Parsley faces Melson in a meeting of two undefeated fighters.
Delen “The Sniper” Parsley (6-0, 2 KOs) and Boyd “Rainmaker” Melson (8-0, 4 KOs) will both be putting their perfect professional records on the line next Wednesday at BB Kings in New York City, fighting on the latest installment of Lou DiBella’s Broadway Boxing Series. A lot of energy is already surrounding this bout, with both of the popular New York junior middleweights proving they have no fear in taking a jump in competition so early in their careers.
“With this fight, we were looking to be matched pretty well, pretty tough,” Parsley said of the upcoming bout. “Boyd and I were on a card together, and it was taking forever to find me an opponent. All of the opponents I was getting were undefeated, tough fighters, so I was like ‘Why is it so hard to match me up, but on two days notice, they can get Boyd an opponent?’ We put that statement out there, so they came back at us and asked if we wanted to fight Boyd. We’re not going to back down, so we said ‘Yeah, we’ll fight him.’”
The last time two notable young prospects and local favorites decided to put it on the line this early in their careers was in January on ESPN2’s Friday Night Fights, when Parsley’s cousin Denis “Da Momma’s Boy” Douglin (14-1, 8 KOs) and Steven Martinez (11-1, 9 KOs) laced up their gloves in Key West. Douglin picked up the huge victory via split decision, and the thought process he underwent in taking the bout is basically verbatim to the reasoning Parsley gave in what made him decide to accept this fight.
“In order to be the best, you have to beat the best,” Parsley remarked. “I feel it doesn’t matter if your record is 8-0 or 3-5. If you’re in my weight, than I have to beat you. I don’t want one of those records that people look at and think it was padded. I’m willing to fight anyone they put in front of me at anytime. Undefeated, not undefeated - I’m looking to establish myself as a good fighter. I don’t want to be one of those fighters who have 21 wins and never fought anyone, know what I mean?”
While this pairing with Melson is certainly the most important of his young professional career, the 24-year-old Parsley says significant change was not needed in his training for this bout. Rather, precise and more focused adjustments were applied by his team, which is led by well known Gleason’s trainer and his father, Delen “Blimp” Parsley.
“With this camp, I sparred nothing but southpaws. Usually, I’ll spar anybody to get a look, but we stuck strictly to southpaws,” the Brooklyn native stated. “We started training early for this one. I’ve been training for almost eight weeks now, and we did a few things differently. We didn’t make too many adjustments, but we did make a few because this is a really big fight. We only made little changes, but I feel we made the right changes, the proper changes.”
With the magnitude of this contest still building momentum, Parsley admitted he has played out the scene he expects next Wednesday night in his mind on a few occasions.
“Oh yeah, I’ve gone over it numerous times in my head,” he confirmed. “Most times, a fight is like every other fight.

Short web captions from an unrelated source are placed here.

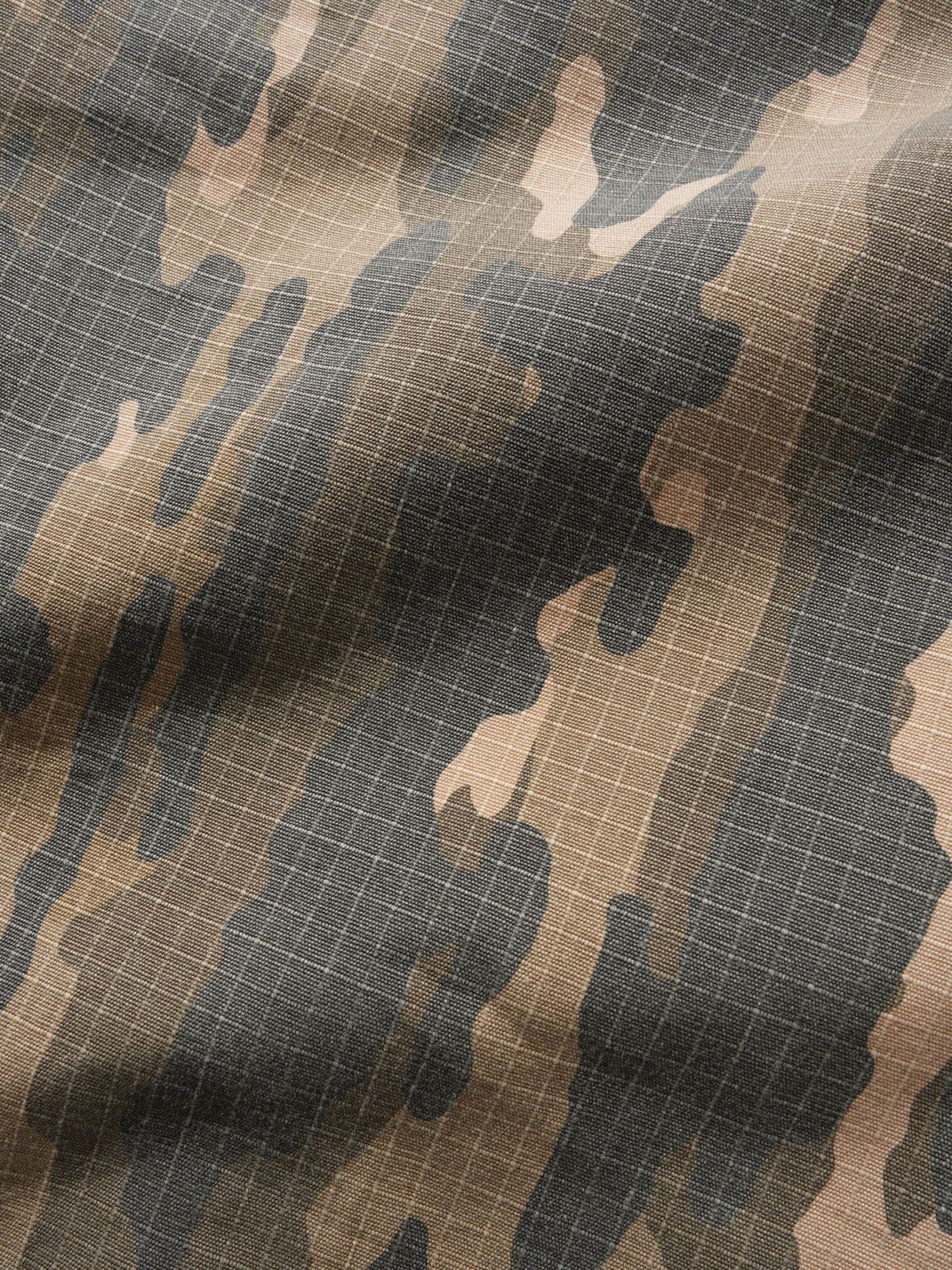 BUTTER GOODS — Штаны Cargo Pants Frog Camo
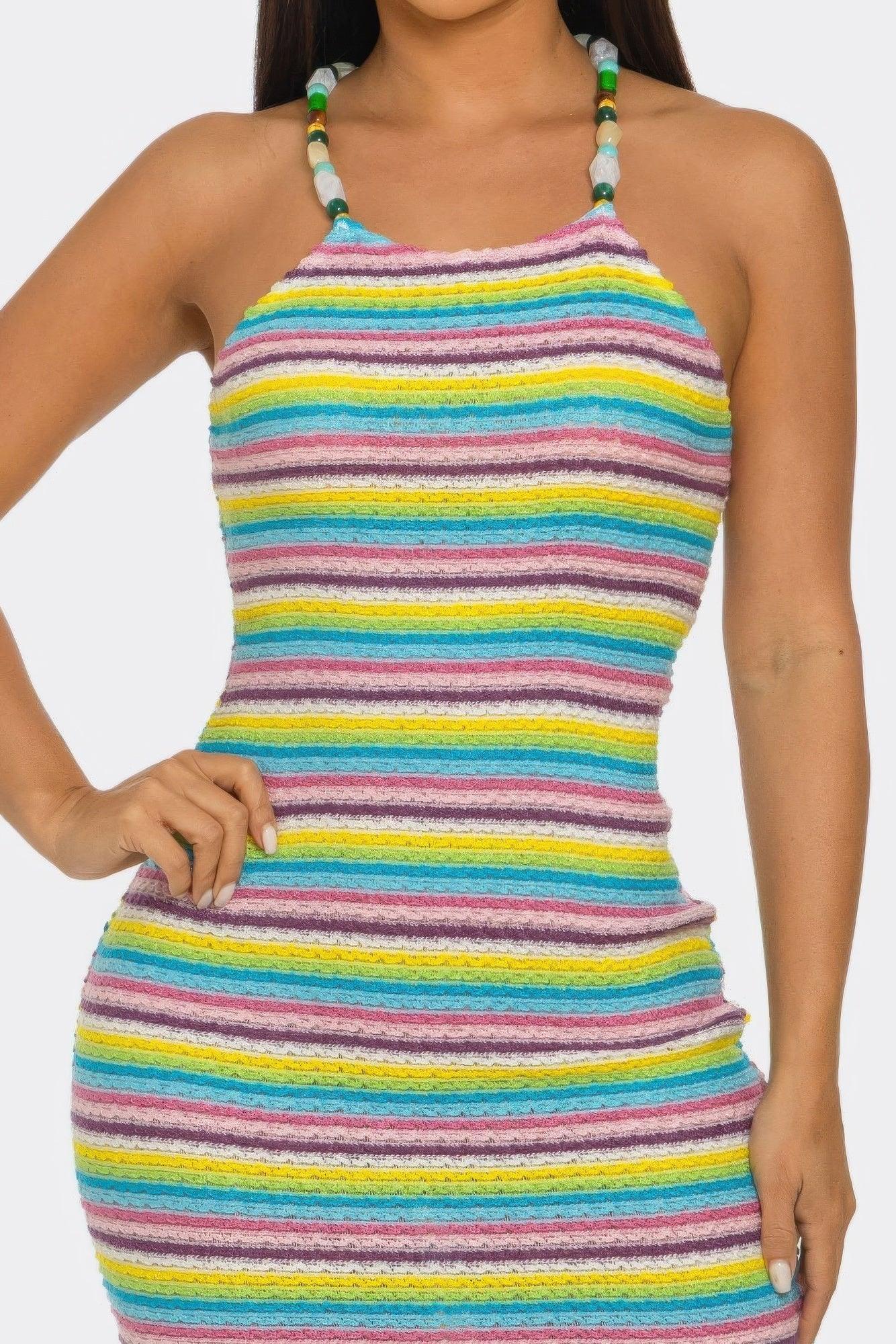 Samantha Midi Dress | Mixtshop LLC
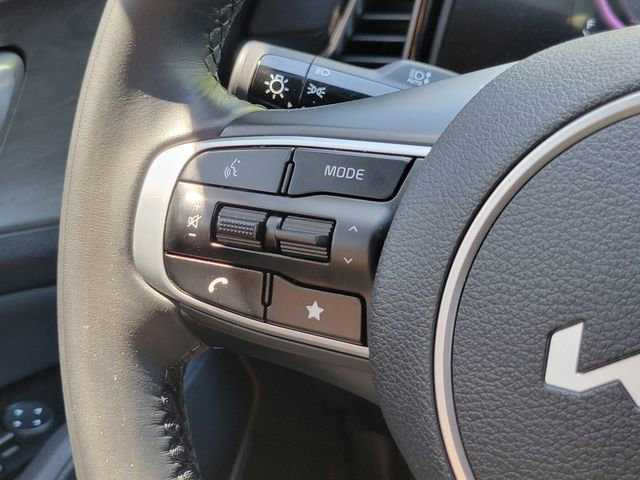 Used 2024 Kia Sportage X-Line w/ X-Line Premium Package AWD/4WD image 13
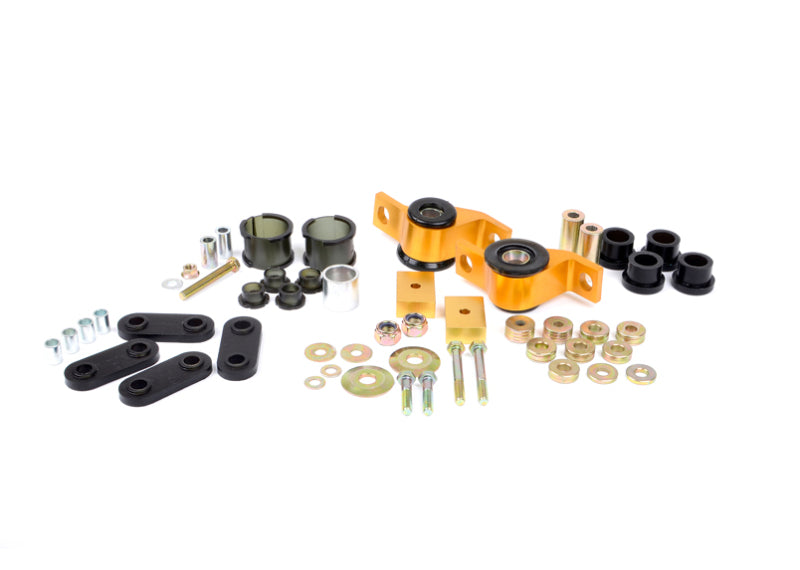 Whiteline 9/2004-8/2006 Subaru Impreza WRX STi GD/GG Front Vehicle Essentials Kit - GTR Auto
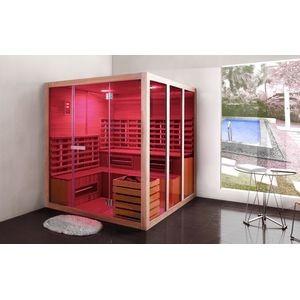 Инфракрасная сауна Wellis Eclipse - Фото 1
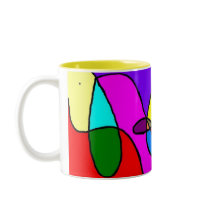 multi colour mug by wildmog multi colour mug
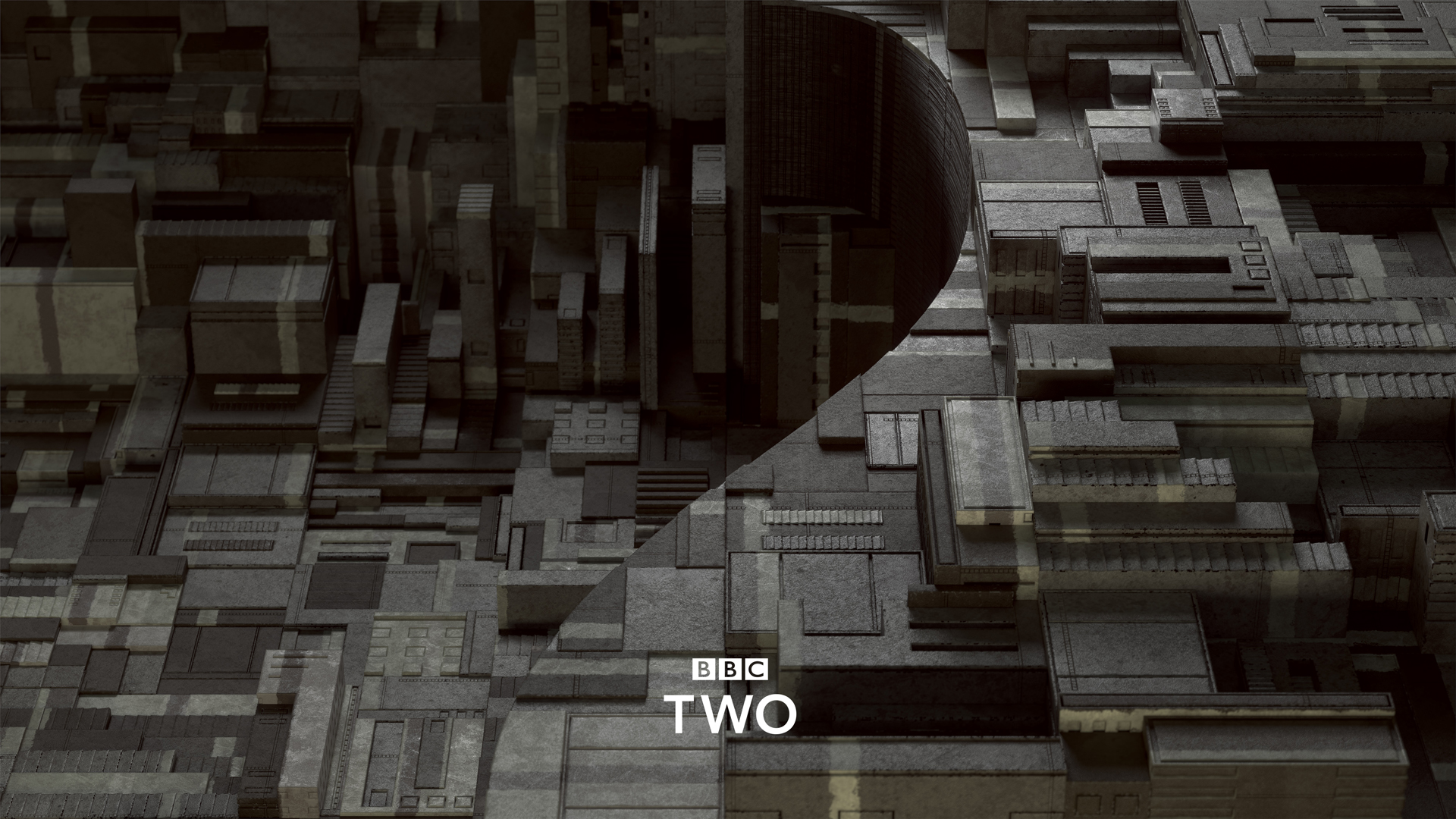 Idents for BBC Two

We go in there with the mentality to let your hands go and outgun the opponent. But with this fight, I’m going to be more relaxed. I’m not going to put as much pressure on myself as I did in my past few fights. I tend to put a lot of pressure on myself, but, at the end of the day, if you relax, your punches come off more. So I’m going to try and be more slick, more elusive, and I’m just going to be more relaxed. I’m not going to go in there looking for the knockout or being too intense or too nervous. At the end of the day, what’s going to happen is what’s going to happen, so I’m just going to let the cards play out.”
Most boxers are not willing to make the move that Parsley and Melson did in accepting such a big fight so early in their careers, and Parsley says a statement was made when he inked his name on the contract for this battle.
“This shows that I’m not afraid to step up. This shows that I can hang with these fighters who are undefeated,” he commented. “Boyd’s a good fighter. I’ve known Boyd for a long time, and he’s a good fighter. He has 100-and-something amateur fights… I don’t. So it’s like I’m just showing him the guy with the lack of experience can still prevail in a tough fight. What I lack in amateur experience, I make up in skill.”
Doors at BB Kings for this installment of Lou DiBella’s Broadway Boxing will open at 6:30 p.m., with the first bell slated to ring at 7:30 p.m.